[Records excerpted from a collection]
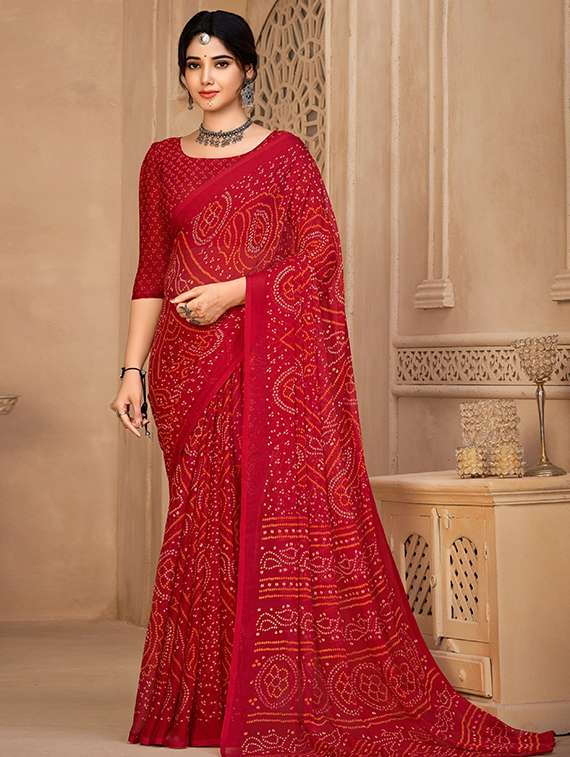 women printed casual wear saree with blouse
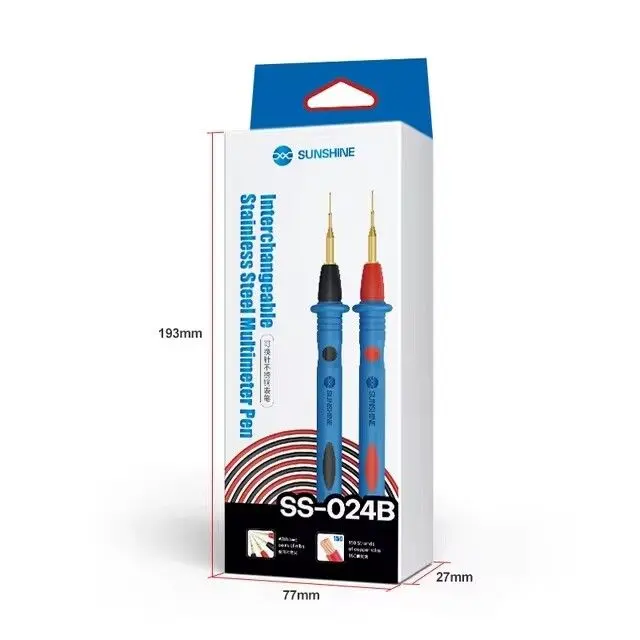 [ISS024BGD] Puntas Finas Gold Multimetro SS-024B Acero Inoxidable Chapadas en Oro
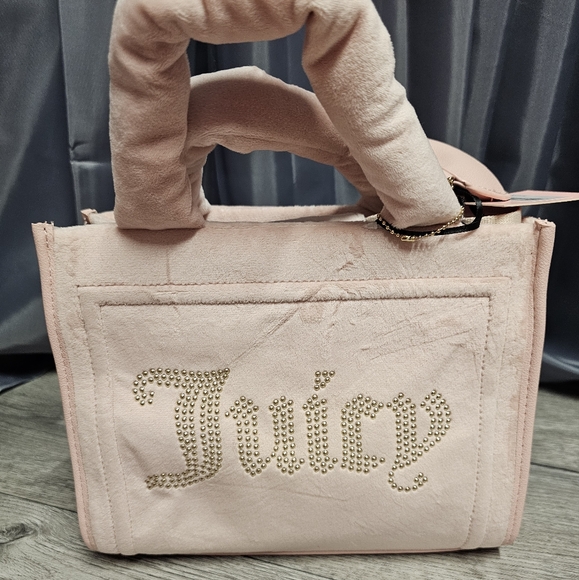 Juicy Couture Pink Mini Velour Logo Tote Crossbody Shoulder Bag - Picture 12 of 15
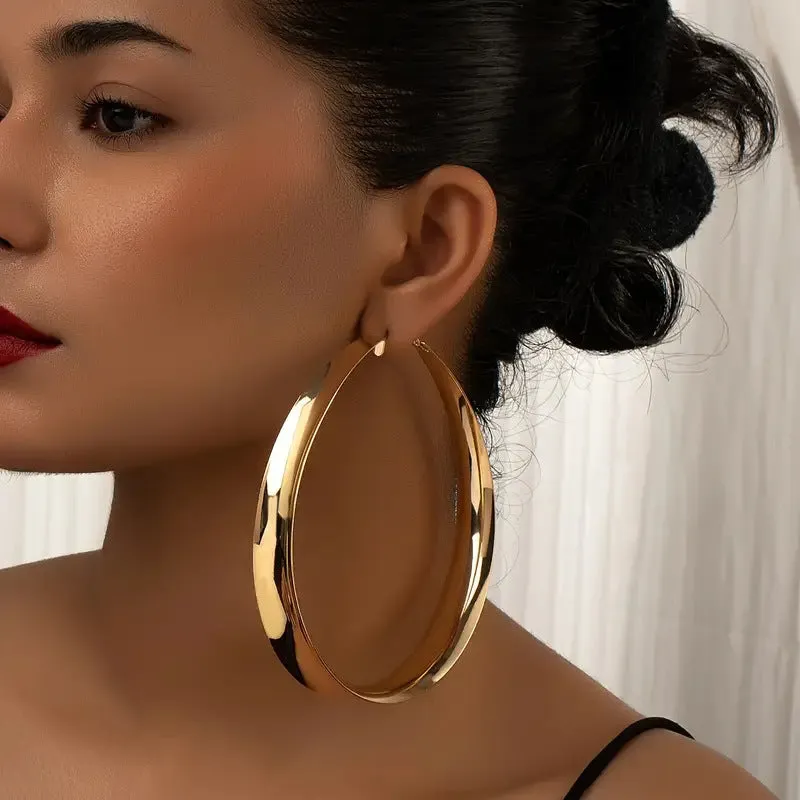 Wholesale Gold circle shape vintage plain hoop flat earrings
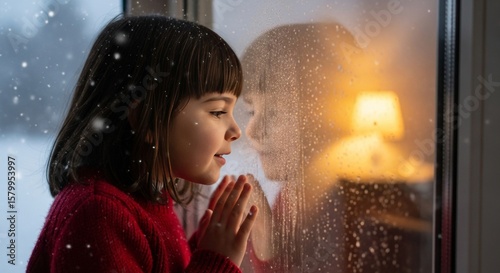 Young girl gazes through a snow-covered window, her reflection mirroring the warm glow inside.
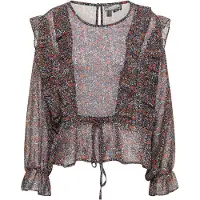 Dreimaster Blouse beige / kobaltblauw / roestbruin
---
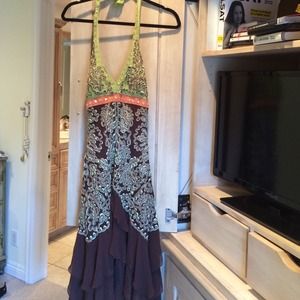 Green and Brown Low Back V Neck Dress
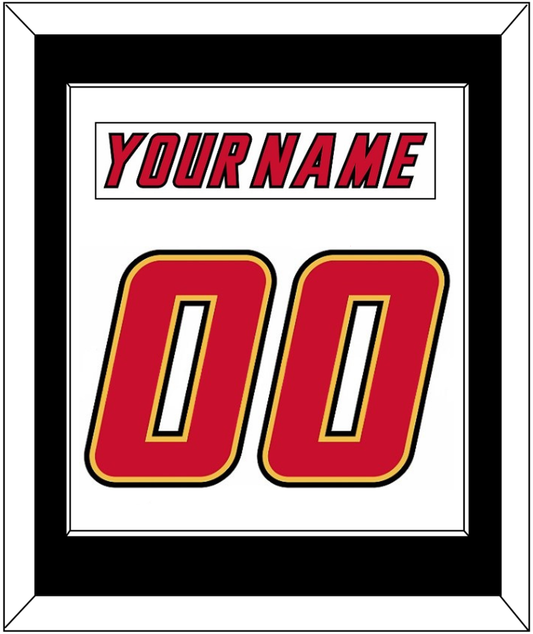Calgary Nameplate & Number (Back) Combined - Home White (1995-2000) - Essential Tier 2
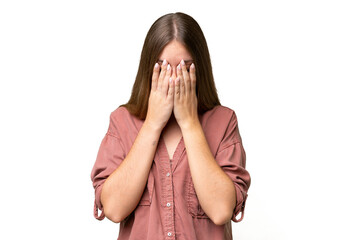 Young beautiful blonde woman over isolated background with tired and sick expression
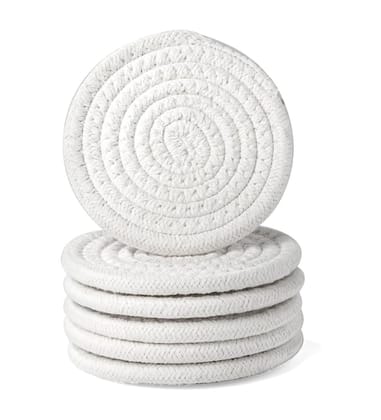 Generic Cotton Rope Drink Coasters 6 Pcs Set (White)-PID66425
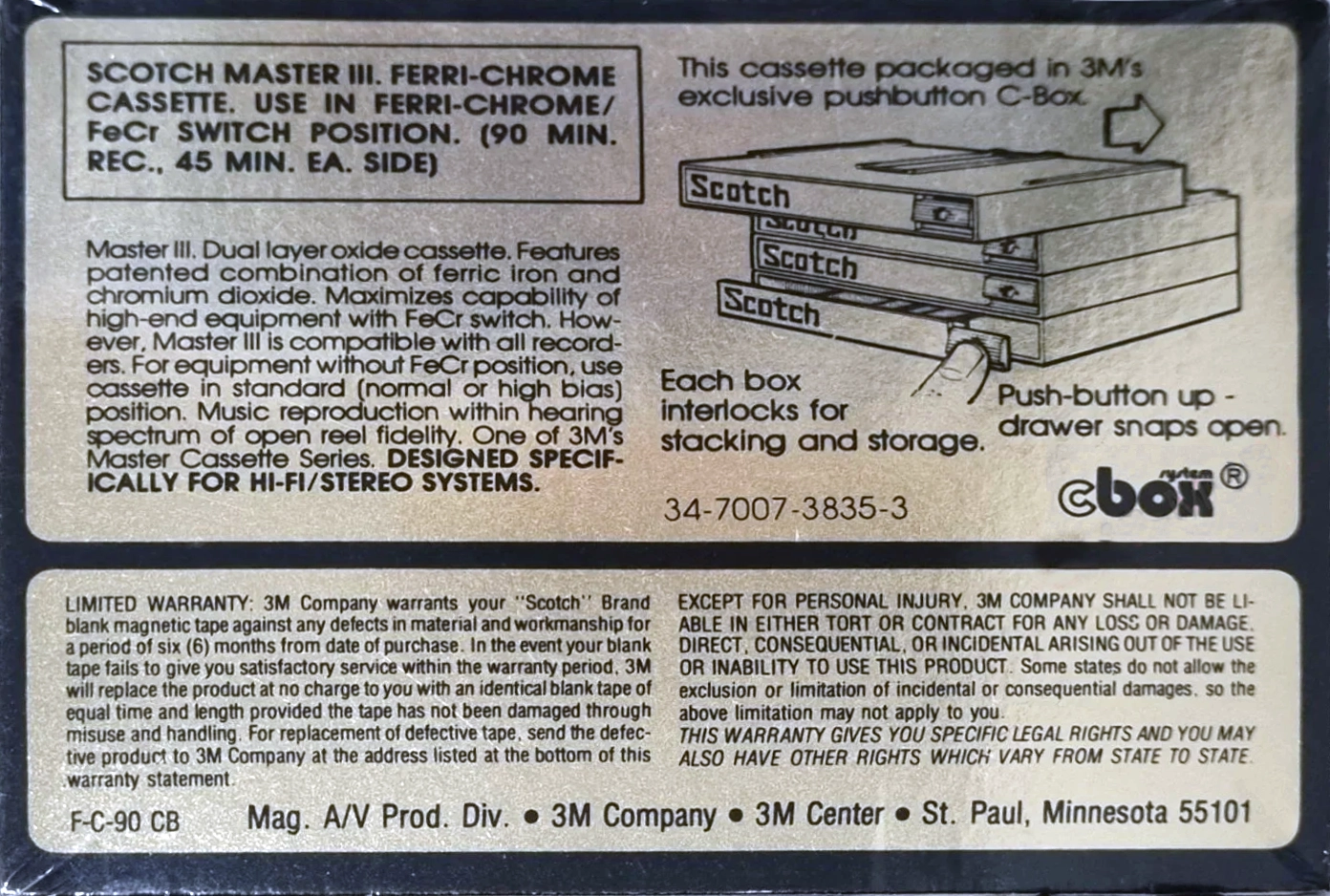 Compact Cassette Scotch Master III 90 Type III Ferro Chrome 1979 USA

EXERCISE INSTRUCTIONS.
Your task is to copy only the lines above starting at the one containing "Wholesale Gold circle" and ending at the one containing "Dreimaster Blouse beige". Copy them exactly, both ends included, and omit the pictures.

RESULT OF THE EXERCISE.
 Wholesale Gold circle shape vintage plain hoop flat earrings
 Young girl gazes through a snow-covered window, her reflection mirroring the warm glow inside.
 Dreimaster Blouse beige / kobaltblauw / roestbruin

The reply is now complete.